According to the United Nations High Commissioner for Refugees (UNHCR), by the end of 2017 there were 121,837 refugees, 40,365 pending asylum cases and 97 stateless persons in the UK. That’s around one quarter of a percent (0.25%) of the UK’s total population.
Our RISE project supports refugees living in North and East London – most of them from African or Middle Eastern countries. They meet regularly with a volunteer mentor, developing a strong supportive relationship that focusses on seeking employment, writing CVs, going to job interviews and working in the UK.
Our beneficiaries tell us that the project provides them with invaluable new skills and confidence. One said: “The support and guidance from my mentor got me through many challenging situations at work. Most of all the mentoring helped me by giving me the opportunity to share and confide in someone impartial, outside work. I now better understand what I should be doing and how to find my way around it.

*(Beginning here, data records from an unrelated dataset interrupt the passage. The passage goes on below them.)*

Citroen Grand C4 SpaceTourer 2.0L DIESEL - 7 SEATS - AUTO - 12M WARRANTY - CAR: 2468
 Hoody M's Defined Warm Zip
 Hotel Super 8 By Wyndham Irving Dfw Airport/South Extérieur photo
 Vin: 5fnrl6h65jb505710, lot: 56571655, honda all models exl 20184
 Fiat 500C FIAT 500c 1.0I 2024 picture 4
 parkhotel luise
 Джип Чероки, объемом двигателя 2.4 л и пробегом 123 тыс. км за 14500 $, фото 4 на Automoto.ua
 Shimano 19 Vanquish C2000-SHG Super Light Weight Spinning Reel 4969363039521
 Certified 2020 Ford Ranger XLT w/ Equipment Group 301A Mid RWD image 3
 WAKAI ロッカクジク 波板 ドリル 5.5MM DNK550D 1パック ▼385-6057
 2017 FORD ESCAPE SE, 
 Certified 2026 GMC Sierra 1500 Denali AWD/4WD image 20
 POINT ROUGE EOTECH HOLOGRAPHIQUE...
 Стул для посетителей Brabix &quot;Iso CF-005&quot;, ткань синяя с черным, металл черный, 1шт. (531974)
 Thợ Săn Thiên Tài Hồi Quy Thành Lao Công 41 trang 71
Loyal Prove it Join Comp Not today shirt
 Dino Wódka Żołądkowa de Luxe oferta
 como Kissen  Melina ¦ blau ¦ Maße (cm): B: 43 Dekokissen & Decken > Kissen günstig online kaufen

“Meeting with my mentor and accessing her support and guidance has been very useful to me. She has been very easy going and flexible and has shown great mentoring skills. She has always given me tremendous advice when I faced issues at work. She has given me the confidence and ability to deal with challenging situations.”
Mentoring is often about helping someone identify their strengths. “My confidence improved every time I met up with her. Some jobs I would not have applied for without her,” says Yodit.
Most of our beneficiaries talk about how much mentoring has helped them with their English. “In the house I live in no one speaks English. It was good to be able to talk with someone about different things. My English is much better than before,” says Ismail.
Some struggle to travel around London on their own. Mentoring can help them gain confidence and feel less isolated within the city. “Before I met Jay I never travelled on the tube. Now I travel on the tube by myself,” says Ismail.
Many participants talk about the benefits that mentoring has had on their mental health. “It was a good opportunity to get out of the flat. She was someone I could socialise with, be myself,” says Carlos.
A lot of our mentees warmly recommend the programme. “I really appreciate the support. It means a lot. Anyone in my position would benefit from this. It is much more than a cup of coffee. It was a cup of love and care!” says Daphine.